(CN) — Racial and religious prejudice increased significantly among Donald Trump supporters during his presidency, according to the results of 13 studies published Monday by the journal Nature Human Behavior.
The studies included more than 10,000 participants. The researchers, Benjamin C. Ruisch of the University of Kent in the United Kingdom and Melissa J. Ferguson of Yale University, both social psychologists, also found that Trump opponents showed decreases in prejudice.
"These results suggest that Trump's presidency coincided with a substantial change in the topography of prejudice in the United States," the article says.
A scholar not involved in the studies said the findings are what most social scientists would expect.
“Trump was able to be a vehicle to express ones' frustration with political correctness and tolerance," said Stephen Farnsworth, author of Presidential Communication and Character: White House News Management from Clinton and Cable to Twitter and Trump. "He didn’t create it. These hostilities existed before him but he was a vehicle to channel that grievance."
Another scholar cautioned that prejudice had increased on both the left and the right of the political spectrum during the Trump years. And anger directed at Trump supporters could have affected their answers to the questions.
“The left didn’t want to just demonize Trump, they wanted to demonize the people who supported Trump," said Tim Hagle, an associate professor of political science at the University of Iowa, who like Farnsworth had not seen the studies. "If you keep calling people racist, pretty soon they are going to say, 'This is what I believe. You can say anything about me that you want.'”
The studies examined prejudice against Muslims, Black people and other groups.
"Regardless of what we controlled for, Trump support remained a robust predictor of increases in prejudice," the study authors wrote.
What attitudes like these portend is not clear, said Farnsworth, professor and director center for Leadership and Media Studies at the University of Mary Washington in Virginia.

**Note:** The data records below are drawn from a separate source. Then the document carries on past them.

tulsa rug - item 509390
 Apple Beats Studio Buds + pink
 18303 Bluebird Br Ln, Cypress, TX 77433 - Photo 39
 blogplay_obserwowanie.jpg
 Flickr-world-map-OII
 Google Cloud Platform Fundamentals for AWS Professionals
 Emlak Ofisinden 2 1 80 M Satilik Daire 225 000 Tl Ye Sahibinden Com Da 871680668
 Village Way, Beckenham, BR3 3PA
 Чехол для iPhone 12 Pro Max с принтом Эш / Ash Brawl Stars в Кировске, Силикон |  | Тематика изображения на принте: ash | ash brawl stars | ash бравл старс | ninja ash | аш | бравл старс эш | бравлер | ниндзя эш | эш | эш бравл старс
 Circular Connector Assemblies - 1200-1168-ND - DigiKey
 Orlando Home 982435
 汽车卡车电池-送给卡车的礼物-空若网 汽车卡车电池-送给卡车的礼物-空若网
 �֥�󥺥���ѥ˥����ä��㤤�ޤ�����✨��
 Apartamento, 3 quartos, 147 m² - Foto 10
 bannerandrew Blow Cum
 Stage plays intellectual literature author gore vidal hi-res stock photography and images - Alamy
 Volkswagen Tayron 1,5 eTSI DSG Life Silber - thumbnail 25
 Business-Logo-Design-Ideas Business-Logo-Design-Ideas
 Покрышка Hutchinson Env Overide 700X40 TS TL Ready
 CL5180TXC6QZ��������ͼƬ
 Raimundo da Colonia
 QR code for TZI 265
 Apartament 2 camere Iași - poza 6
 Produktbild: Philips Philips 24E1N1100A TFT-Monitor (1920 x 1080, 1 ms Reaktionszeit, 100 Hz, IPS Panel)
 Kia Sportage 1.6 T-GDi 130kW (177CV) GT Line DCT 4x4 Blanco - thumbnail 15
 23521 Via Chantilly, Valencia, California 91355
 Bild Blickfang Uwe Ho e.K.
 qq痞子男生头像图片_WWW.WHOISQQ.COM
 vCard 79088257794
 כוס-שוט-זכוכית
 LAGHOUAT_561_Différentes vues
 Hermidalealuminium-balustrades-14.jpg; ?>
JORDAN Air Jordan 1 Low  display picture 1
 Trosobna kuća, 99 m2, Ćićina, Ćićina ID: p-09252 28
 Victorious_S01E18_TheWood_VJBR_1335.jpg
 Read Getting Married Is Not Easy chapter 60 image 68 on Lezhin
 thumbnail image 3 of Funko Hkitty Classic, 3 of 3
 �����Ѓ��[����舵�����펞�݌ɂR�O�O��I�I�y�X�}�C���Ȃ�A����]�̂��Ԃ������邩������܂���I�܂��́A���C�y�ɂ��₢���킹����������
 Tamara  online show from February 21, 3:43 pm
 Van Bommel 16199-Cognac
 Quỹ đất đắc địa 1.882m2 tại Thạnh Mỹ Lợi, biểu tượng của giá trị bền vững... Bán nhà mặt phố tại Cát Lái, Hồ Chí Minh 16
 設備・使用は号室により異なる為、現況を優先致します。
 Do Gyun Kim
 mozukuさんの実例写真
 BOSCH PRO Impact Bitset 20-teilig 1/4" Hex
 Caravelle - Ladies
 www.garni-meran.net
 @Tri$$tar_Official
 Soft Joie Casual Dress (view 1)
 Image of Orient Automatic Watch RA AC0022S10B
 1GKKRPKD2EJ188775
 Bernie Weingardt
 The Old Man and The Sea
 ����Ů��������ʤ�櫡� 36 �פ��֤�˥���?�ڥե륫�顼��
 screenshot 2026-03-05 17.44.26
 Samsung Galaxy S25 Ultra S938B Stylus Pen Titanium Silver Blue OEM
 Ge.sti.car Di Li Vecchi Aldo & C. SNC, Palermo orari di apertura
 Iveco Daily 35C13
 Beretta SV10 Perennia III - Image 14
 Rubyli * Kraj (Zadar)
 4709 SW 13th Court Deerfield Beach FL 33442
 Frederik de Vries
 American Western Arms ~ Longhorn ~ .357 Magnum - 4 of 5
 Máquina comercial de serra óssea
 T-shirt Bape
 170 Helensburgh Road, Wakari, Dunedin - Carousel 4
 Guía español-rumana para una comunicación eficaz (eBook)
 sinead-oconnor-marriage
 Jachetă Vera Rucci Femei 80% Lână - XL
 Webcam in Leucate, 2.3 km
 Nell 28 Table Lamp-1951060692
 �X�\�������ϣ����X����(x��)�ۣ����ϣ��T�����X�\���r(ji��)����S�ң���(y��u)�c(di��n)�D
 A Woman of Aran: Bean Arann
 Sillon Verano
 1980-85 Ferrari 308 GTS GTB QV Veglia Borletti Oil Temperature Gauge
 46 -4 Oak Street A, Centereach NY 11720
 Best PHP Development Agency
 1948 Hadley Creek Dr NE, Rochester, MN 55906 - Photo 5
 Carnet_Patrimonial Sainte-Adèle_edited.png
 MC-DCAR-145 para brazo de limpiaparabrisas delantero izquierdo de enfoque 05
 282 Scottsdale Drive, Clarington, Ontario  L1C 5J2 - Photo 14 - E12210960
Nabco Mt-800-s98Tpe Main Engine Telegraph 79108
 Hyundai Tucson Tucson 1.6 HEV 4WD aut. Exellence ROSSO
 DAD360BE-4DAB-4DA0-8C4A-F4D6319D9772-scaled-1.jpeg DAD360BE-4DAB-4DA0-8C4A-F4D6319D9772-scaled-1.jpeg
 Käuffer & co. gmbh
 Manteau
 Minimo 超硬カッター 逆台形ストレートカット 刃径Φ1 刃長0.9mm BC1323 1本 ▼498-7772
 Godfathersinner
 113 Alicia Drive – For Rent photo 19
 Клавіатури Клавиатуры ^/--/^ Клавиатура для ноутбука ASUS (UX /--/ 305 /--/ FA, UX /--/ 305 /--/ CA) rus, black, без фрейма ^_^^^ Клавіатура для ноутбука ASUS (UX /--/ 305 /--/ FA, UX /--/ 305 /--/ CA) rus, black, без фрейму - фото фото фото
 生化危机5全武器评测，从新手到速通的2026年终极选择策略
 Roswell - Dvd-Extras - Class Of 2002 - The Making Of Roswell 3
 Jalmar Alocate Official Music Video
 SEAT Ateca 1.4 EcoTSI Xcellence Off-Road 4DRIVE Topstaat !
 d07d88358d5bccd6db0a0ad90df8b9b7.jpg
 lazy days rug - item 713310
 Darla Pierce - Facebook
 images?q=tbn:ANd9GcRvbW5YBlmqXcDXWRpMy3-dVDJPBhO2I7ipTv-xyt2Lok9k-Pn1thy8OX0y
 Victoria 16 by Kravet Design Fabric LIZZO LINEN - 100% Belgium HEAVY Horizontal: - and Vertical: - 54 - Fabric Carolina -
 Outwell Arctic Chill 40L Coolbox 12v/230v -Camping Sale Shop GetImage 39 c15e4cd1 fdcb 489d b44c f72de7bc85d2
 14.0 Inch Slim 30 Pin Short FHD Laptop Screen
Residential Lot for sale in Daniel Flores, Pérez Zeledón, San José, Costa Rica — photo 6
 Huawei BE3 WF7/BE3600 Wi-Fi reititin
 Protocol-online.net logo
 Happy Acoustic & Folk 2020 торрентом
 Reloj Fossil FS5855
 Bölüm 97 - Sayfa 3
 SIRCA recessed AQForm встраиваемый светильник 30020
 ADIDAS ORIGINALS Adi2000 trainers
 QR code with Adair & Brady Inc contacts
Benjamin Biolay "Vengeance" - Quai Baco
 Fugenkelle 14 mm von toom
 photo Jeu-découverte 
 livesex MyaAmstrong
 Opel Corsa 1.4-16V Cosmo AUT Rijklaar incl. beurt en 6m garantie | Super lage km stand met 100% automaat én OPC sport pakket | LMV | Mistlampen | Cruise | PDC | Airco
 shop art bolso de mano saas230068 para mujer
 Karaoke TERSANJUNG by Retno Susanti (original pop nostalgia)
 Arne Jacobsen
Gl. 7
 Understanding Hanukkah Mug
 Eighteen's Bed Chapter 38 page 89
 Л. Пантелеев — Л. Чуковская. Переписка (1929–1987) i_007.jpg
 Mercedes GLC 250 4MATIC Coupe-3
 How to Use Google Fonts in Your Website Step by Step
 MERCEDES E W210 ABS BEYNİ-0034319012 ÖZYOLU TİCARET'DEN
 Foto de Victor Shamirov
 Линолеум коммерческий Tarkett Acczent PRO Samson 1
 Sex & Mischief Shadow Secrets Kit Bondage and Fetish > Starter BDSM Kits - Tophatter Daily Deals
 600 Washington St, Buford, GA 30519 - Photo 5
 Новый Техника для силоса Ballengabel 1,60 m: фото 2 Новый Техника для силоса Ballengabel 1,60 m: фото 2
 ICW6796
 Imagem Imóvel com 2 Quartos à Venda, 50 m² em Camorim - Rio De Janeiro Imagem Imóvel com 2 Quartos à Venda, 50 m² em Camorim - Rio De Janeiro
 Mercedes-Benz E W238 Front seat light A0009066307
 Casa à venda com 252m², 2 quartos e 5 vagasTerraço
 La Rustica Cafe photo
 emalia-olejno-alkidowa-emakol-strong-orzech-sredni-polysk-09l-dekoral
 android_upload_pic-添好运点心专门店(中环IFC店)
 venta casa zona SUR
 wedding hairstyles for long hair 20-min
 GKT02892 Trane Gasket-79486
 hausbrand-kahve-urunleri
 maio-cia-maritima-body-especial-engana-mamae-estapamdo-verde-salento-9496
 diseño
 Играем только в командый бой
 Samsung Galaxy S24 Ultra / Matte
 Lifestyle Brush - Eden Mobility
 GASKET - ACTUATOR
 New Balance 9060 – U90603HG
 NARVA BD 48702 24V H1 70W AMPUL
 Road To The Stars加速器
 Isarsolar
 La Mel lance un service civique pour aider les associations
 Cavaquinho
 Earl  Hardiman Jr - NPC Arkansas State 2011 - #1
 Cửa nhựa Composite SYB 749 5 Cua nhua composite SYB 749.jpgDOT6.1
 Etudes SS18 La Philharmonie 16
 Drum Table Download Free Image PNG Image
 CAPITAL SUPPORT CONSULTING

In American history, hate has sometimes been rewarded at the ballot box, but those movements come and go.
He also noted that some high-profile Republican office holders — Senators Marco Rubio, Ted Cruz and Tim Scott, for example — are members of minority groups.
“It makes sense to think of American politics as something like a pendulum," he said. "One side prevails, the other side fights back. We don’t have permanent political party majorities. We don’t have permanent political party minorities. Republicans five years from now may find a libertarian message more appealing than appeals to racial identity.”